Mother Teresa born, 1910

On this day in 1910, Anjezë Gonxhe Bojaxhiu was born in Skopje, Albania (now in the Republic of Macedonia). Raised a Catholic, from an early age she was interested in the work of missionaries and by the age of 12 had decided to devote herself to the religious life. At 18 she joined the Sisters of Loreto, became a missionary and never saw her mother or sister again. After a stint in Loreto Abbey, Ireland, where she learnt English, she went to India, arriving there in 1929, aged 19. Twenty five years later she became headmistress of the school she taught at in Calcutta. Increasing poverty, a famine in 1943 and the outbreak of Muslim/Hindu violence in 1946 led her to believe that it was the alleviation of poverty, not the delivery of education, that was her true calling.
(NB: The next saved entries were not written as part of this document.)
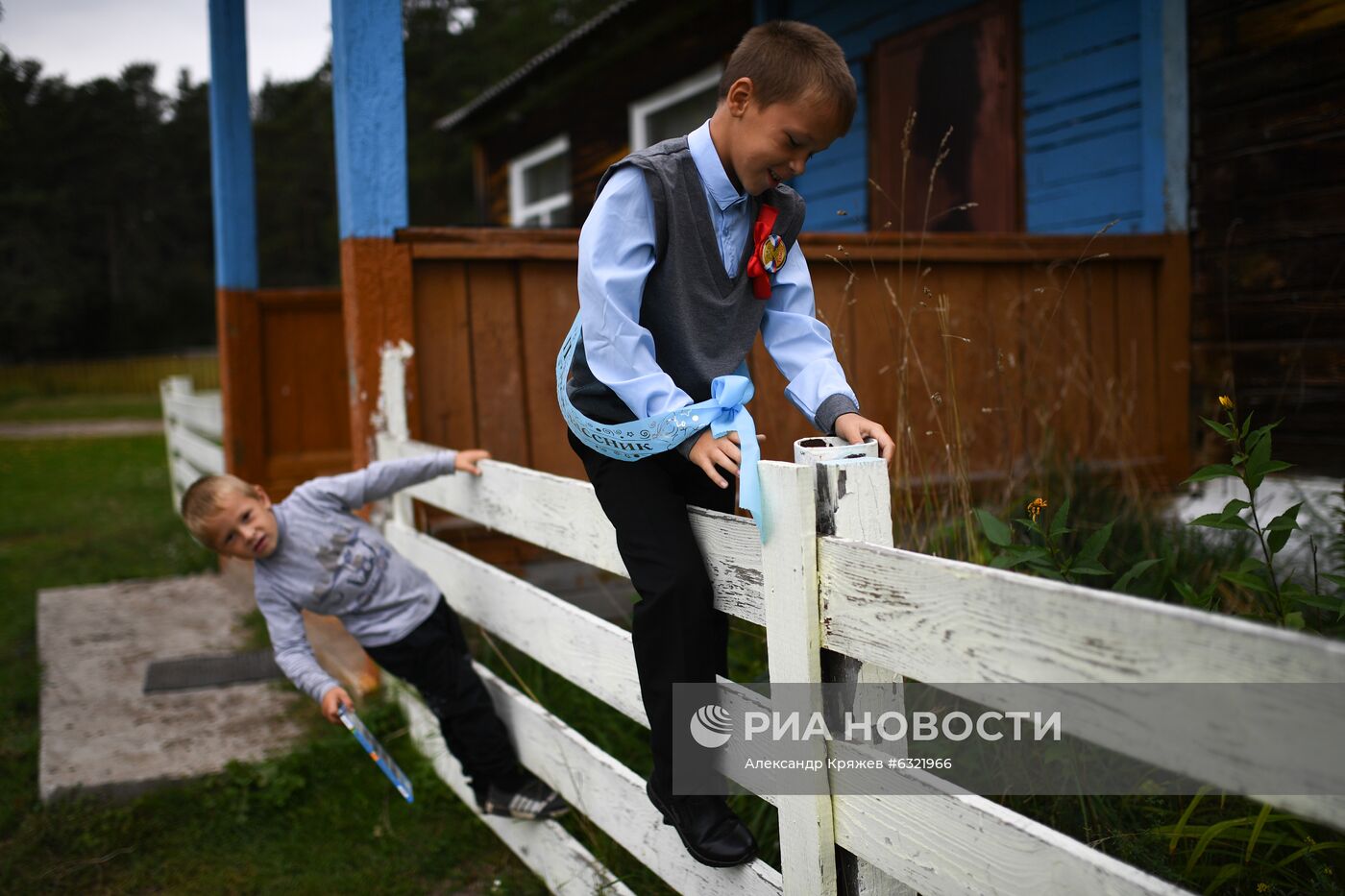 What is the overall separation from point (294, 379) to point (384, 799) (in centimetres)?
359

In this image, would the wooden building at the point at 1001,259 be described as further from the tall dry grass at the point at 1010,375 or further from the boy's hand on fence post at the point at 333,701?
the boy's hand on fence post at the point at 333,701

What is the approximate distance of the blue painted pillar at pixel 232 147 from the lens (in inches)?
221

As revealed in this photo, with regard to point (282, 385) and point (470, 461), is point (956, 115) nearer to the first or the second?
point (470, 461)

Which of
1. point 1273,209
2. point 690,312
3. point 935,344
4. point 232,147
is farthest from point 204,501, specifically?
point 1273,209

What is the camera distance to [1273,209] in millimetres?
4086

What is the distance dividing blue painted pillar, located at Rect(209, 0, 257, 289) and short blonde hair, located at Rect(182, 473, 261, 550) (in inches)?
135

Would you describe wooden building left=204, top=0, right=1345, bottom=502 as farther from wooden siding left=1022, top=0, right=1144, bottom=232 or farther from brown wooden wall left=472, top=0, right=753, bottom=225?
brown wooden wall left=472, top=0, right=753, bottom=225

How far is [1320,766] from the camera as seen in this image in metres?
0.92

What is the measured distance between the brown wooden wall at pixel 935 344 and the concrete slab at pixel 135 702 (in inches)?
50.1

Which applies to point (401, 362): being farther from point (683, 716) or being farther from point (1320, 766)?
point (1320, 766)

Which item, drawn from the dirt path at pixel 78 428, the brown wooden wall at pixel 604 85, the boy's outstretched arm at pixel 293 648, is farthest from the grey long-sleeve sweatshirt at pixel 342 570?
the dirt path at pixel 78 428

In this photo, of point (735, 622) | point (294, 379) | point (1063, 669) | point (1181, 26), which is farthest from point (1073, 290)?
point (294, 379)

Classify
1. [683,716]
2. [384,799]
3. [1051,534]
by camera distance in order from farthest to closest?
[384,799] → [683,716] → [1051,534]

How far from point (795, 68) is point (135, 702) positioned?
3493 mm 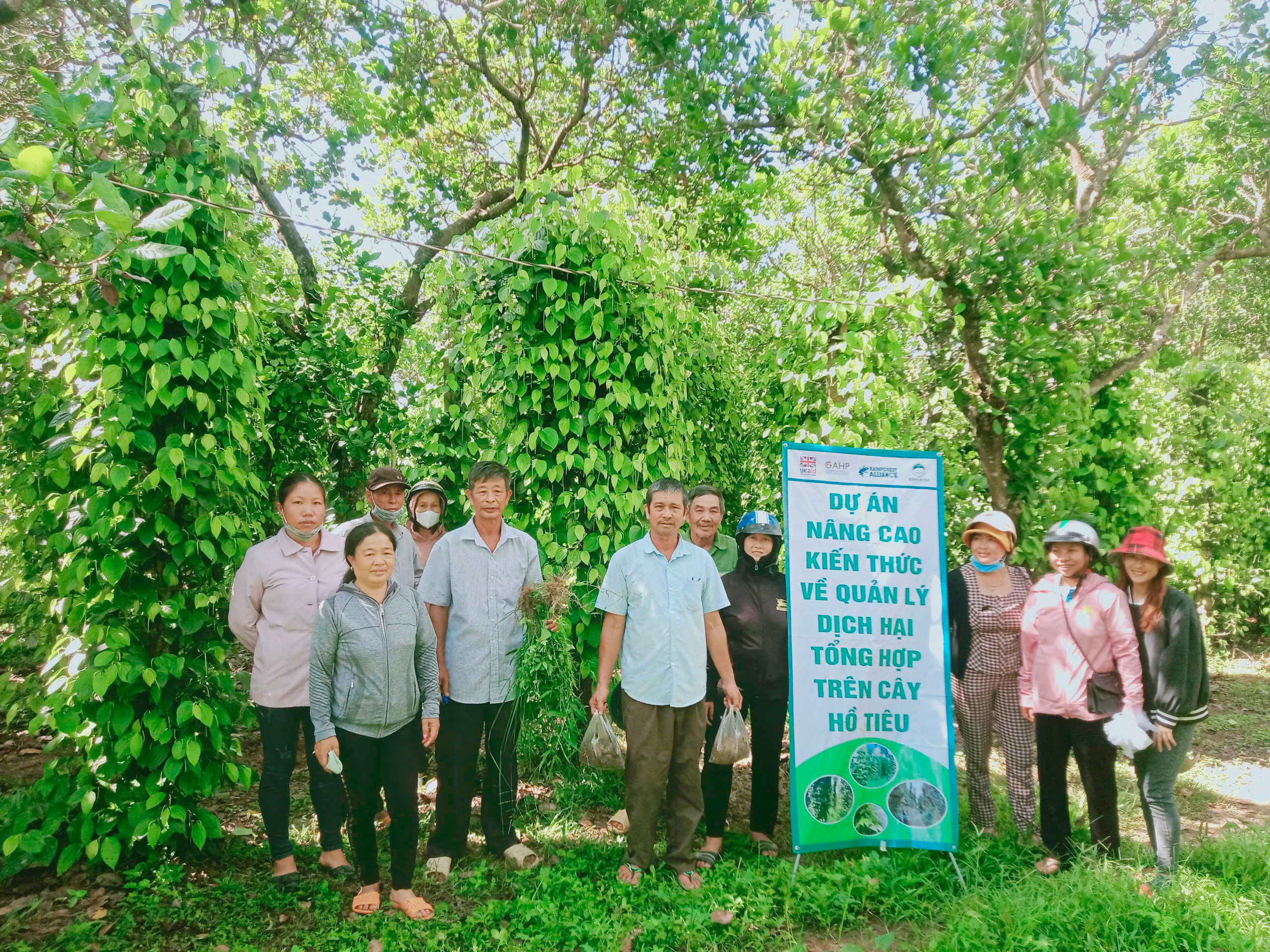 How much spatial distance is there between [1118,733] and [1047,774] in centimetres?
41

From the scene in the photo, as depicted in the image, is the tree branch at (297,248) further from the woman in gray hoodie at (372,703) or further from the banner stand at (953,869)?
the banner stand at (953,869)

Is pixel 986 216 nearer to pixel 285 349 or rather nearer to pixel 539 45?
pixel 539 45

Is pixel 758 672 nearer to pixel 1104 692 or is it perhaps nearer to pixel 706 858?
pixel 706 858

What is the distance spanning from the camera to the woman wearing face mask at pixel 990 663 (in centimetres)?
374

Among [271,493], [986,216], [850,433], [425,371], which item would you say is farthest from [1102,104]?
[271,493]

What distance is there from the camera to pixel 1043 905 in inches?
118

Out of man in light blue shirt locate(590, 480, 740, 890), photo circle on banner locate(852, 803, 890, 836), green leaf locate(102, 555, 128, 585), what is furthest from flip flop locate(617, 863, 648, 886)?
green leaf locate(102, 555, 128, 585)

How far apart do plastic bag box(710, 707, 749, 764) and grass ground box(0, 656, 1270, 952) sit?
0.48 metres

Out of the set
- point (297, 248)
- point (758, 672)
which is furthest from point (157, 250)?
point (297, 248)

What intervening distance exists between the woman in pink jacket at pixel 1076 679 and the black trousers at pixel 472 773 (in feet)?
7.66

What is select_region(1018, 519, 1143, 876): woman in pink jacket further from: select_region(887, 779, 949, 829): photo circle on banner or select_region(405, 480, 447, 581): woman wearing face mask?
select_region(405, 480, 447, 581): woman wearing face mask

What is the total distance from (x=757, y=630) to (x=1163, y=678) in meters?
1.67

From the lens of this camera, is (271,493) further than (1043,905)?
Yes

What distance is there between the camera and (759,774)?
12.6ft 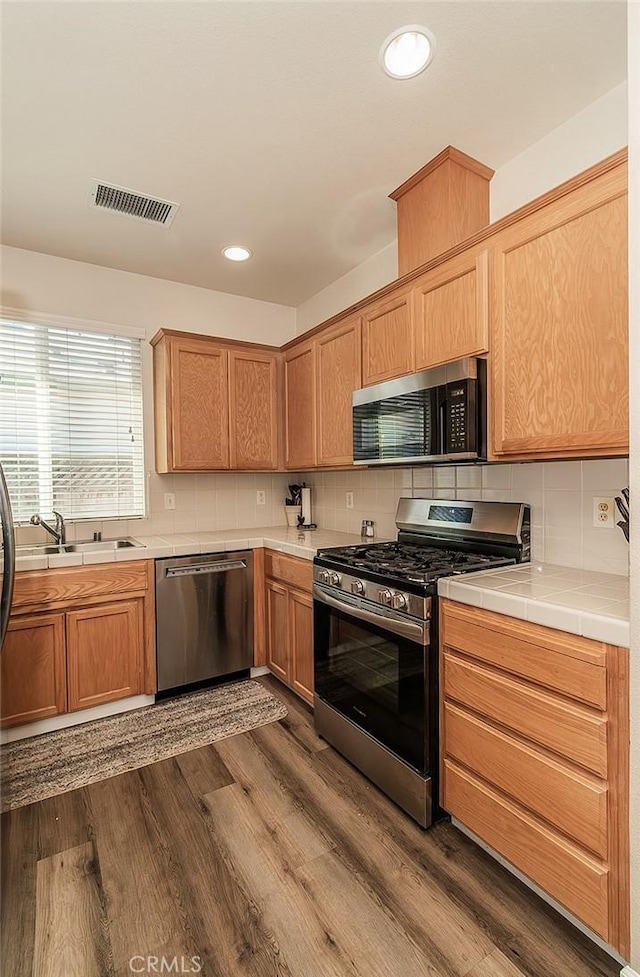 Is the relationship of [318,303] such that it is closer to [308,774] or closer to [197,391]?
[197,391]

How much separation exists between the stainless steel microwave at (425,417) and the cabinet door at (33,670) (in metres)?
1.87

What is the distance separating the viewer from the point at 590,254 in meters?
1.50

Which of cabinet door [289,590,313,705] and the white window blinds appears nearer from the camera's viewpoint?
cabinet door [289,590,313,705]

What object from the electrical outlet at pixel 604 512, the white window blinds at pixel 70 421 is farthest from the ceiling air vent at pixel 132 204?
the electrical outlet at pixel 604 512

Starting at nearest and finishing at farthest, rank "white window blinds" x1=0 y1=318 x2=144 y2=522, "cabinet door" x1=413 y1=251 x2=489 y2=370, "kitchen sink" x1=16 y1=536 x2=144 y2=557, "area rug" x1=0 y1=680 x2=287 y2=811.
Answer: "cabinet door" x1=413 y1=251 x2=489 y2=370, "area rug" x1=0 y1=680 x2=287 y2=811, "kitchen sink" x1=16 y1=536 x2=144 y2=557, "white window blinds" x1=0 y1=318 x2=144 y2=522

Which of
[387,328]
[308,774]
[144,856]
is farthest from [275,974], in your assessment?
[387,328]

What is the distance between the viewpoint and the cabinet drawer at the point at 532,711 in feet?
4.15

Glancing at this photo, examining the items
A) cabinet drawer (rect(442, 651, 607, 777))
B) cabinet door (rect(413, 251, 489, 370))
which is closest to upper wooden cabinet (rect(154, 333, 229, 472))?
cabinet door (rect(413, 251, 489, 370))

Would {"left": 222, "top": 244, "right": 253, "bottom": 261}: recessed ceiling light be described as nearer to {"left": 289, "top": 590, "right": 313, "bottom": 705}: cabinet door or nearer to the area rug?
{"left": 289, "top": 590, "right": 313, "bottom": 705}: cabinet door

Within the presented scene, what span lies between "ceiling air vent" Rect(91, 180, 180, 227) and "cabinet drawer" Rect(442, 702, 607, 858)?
106 inches

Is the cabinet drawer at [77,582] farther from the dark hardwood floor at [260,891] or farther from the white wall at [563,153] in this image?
the white wall at [563,153]

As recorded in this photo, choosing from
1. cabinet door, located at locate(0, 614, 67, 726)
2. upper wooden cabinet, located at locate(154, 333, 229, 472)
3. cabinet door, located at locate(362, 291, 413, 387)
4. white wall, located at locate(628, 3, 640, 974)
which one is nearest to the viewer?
white wall, located at locate(628, 3, 640, 974)

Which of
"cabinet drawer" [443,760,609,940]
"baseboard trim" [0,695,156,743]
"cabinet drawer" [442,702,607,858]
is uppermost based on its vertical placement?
"cabinet drawer" [442,702,607,858]

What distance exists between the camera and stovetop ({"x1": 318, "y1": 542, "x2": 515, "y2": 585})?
1.83m
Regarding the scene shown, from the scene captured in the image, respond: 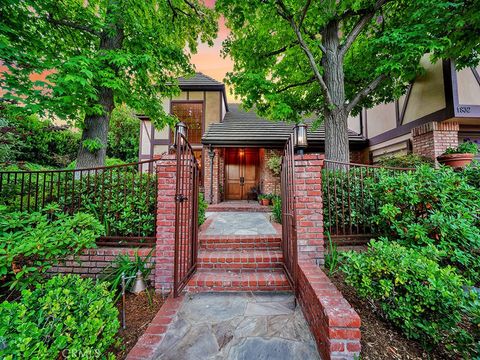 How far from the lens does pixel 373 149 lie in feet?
27.3

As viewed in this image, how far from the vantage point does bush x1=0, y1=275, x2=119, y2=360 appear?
99cm

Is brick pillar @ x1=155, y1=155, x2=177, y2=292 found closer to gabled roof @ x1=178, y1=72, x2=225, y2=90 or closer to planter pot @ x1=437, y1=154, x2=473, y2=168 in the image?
planter pot @ x1=437, y1=154, x2=473, y2=168

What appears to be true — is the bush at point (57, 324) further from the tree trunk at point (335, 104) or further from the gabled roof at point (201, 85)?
the gabled roof at point (201, 85)

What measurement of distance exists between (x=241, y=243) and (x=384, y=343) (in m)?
2.10

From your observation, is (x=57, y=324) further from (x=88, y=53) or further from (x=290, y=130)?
(x=290, y=130)

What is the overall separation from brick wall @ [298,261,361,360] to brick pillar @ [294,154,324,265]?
2.04ft

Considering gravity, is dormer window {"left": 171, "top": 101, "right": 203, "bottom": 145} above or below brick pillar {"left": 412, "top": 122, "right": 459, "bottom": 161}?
above

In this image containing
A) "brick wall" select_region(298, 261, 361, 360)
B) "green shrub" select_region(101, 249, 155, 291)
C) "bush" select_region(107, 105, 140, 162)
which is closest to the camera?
"brick wall" select_region(298, 261, 361, 360)

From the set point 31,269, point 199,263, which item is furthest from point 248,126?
point 31,269

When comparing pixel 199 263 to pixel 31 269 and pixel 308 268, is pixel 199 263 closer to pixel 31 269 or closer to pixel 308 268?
pixel 308 268

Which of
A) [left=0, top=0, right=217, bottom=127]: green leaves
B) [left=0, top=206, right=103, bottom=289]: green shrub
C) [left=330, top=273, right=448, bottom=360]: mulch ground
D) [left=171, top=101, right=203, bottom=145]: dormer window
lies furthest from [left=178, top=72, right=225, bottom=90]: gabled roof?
[left=330, top=273, right=448, bottom=360]: mulch ground

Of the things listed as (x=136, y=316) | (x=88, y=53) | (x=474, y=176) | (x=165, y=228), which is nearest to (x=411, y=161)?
(x=474, y=176)

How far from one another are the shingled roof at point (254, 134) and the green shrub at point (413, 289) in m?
6.47

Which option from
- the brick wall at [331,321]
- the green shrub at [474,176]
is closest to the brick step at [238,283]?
the brick wall at [331,321] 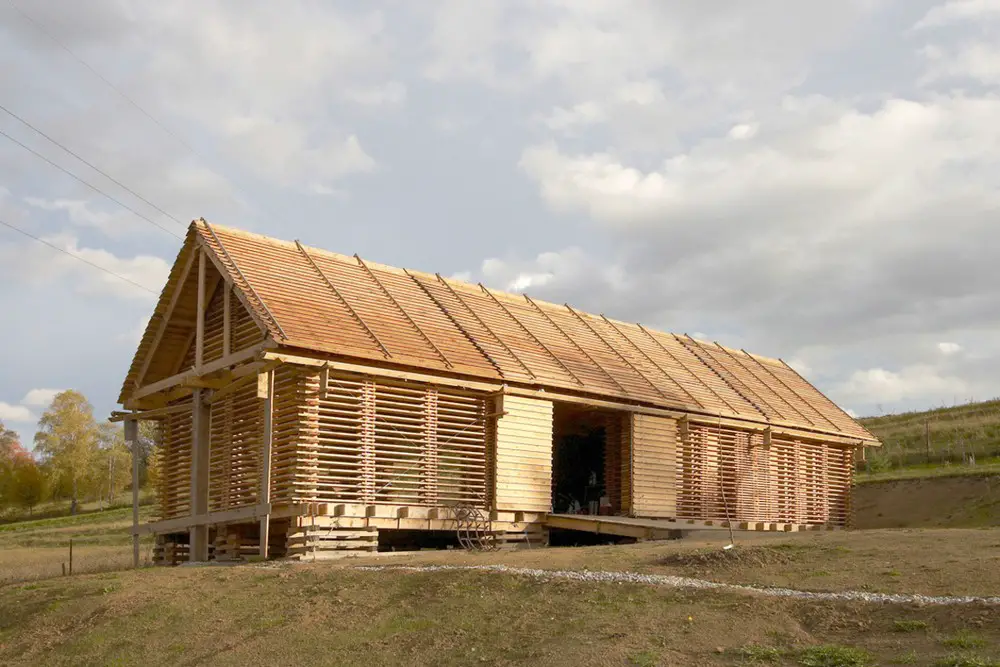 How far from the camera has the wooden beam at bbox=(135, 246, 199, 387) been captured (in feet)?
75.1

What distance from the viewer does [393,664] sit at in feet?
38.0

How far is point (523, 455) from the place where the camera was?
23.2 meters

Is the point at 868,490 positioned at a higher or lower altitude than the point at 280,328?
lower

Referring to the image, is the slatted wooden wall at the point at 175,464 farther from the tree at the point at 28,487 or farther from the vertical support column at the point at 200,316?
the tree at the point at 28,487

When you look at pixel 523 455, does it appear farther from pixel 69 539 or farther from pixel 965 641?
pixel 69 539

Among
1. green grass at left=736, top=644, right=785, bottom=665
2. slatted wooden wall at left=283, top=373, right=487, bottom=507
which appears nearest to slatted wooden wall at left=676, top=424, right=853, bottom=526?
slatted wooden wall at left=283, top=373, right=487, bottom=507

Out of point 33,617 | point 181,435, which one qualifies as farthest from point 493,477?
point 33,617

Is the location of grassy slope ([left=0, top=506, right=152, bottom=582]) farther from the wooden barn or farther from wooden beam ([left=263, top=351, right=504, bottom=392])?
wooden beam ([left=263, top=351, right=504, bottom=392])

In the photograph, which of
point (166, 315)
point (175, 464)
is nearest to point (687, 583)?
point (166, 315)

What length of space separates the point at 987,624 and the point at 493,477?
12.9 metres

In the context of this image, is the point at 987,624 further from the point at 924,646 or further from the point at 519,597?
the point at 519,597

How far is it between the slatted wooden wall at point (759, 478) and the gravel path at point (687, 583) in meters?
11.1

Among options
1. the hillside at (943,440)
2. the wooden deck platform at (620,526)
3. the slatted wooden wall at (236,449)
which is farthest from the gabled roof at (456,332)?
the hillside at (943,440)

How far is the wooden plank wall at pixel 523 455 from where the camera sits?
74.3ft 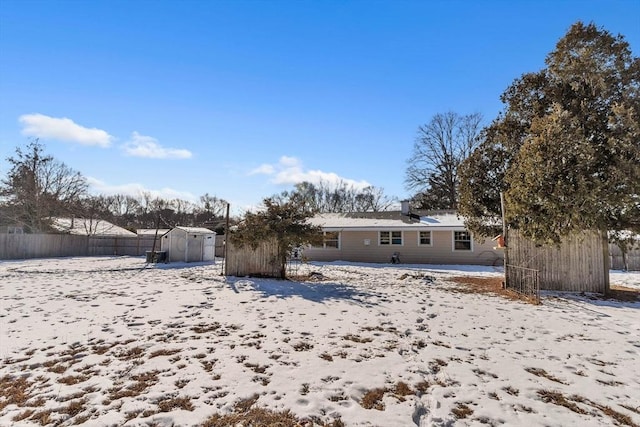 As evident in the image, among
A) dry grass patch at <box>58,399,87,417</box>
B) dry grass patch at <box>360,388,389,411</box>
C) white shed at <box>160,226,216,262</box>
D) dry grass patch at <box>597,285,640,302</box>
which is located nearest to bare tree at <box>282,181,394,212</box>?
white shed at <box>160,226,216,262</box>

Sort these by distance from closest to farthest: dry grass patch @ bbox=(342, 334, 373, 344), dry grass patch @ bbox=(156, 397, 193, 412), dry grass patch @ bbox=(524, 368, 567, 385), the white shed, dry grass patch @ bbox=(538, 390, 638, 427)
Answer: dry grass patch @ bbox=(538, 390, 638, 427)
dry grass patch @ bbox=(156, 397, 193, 412)
dry grass patch @ bbox=(524, 368, 567, 385)
dry grass patch @ bbox=(342, 334, 373, 344)
the white shed

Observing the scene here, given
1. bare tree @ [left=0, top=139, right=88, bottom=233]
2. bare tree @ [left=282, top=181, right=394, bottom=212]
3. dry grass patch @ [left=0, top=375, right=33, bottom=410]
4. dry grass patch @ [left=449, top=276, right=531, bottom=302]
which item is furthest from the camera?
bare tree @ [left=282, top=181, right=394, bottom=212]

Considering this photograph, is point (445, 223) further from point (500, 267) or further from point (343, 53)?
point (343, 53)

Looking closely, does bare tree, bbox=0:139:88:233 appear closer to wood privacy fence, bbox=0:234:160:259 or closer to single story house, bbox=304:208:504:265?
wood privacy fence, bbox=0:234:160:259

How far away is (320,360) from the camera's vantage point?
4.59 meters

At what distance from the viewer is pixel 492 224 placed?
1347 centimetres

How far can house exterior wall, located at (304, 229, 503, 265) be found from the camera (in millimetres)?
19109

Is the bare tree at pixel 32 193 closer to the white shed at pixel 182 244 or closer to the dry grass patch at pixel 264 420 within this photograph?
the white shed at pixel 182 244

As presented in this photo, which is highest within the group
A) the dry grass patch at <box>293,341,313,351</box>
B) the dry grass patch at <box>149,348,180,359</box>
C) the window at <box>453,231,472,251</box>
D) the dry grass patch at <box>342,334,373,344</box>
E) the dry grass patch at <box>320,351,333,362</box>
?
the window at <box>453,231,472,251</box>

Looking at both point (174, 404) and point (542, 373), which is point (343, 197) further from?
point (174, 404)

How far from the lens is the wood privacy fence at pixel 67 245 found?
2205 cm

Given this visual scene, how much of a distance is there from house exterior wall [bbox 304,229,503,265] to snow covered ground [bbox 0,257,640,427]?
1049 centimetres

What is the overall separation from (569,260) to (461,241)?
30.3 ft

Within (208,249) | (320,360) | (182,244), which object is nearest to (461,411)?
(320,360) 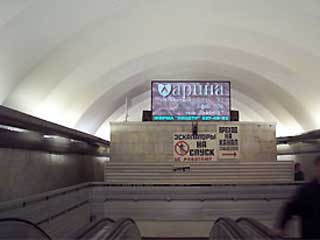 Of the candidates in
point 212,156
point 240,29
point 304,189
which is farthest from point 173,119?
point 304,189

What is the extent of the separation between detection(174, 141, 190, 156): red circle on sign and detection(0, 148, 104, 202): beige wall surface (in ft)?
11.5

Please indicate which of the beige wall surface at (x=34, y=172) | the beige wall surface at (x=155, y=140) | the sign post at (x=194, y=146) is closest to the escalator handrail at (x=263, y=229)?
the beige wall surface at (x=34, y=172)

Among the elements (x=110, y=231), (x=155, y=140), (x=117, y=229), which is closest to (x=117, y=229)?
(x=117, y=229)

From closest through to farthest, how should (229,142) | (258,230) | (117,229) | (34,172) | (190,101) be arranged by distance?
(258,230), (117,229), (34,172), (190,101), (229,142)

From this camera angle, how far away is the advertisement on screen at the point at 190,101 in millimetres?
13039

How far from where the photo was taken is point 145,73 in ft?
53.8

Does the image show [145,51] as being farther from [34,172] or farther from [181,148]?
[34,172]

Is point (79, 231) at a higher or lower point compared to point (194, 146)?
lower

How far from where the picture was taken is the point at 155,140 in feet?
43.7

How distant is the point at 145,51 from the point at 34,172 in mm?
5897

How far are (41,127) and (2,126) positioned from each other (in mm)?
1629

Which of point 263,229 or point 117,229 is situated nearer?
point 263,229

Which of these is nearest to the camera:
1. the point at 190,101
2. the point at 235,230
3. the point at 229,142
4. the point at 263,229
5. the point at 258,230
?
the point at 263,229

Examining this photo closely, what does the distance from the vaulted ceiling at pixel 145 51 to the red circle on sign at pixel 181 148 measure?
323cm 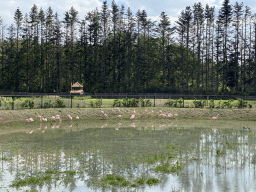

In 1948 she moved into the slums of Calcutta, tending the sick, destitute and hungry. A small group of similarly minded women gathered around her and by 1950 she had received permission from the Vatican to start a mission to help “the hungry, the naked, the homeless, the crippled, the blind, the lepers, all those people who feel unwanted, unloved, uncared for throughout society, people that have become a burden to the society and are shunned by everyone.” As the years went by, Mother Teresa (as she had become known) opened a hospice for the poor to die with dignity, a centre for the treatment of leprosy and a home for lost and abandoned children. Her Missionaries of Charity started to spread through India in the 1950s and internationally in the 1960s. Mother Teresa became internationally famous, travelling to war-torn Beirut in 1982 to rescue trapped children, to Chernobyl to visit radiation victims, to Ethiopia during the 1984 famine, to Armenia after the 1988 earthquake. After suffering a heart attack in 1983, contracting pneumonia in 1989, breaking her collar bone and picking up malaria in 1996, she died in 1997 of heart disease.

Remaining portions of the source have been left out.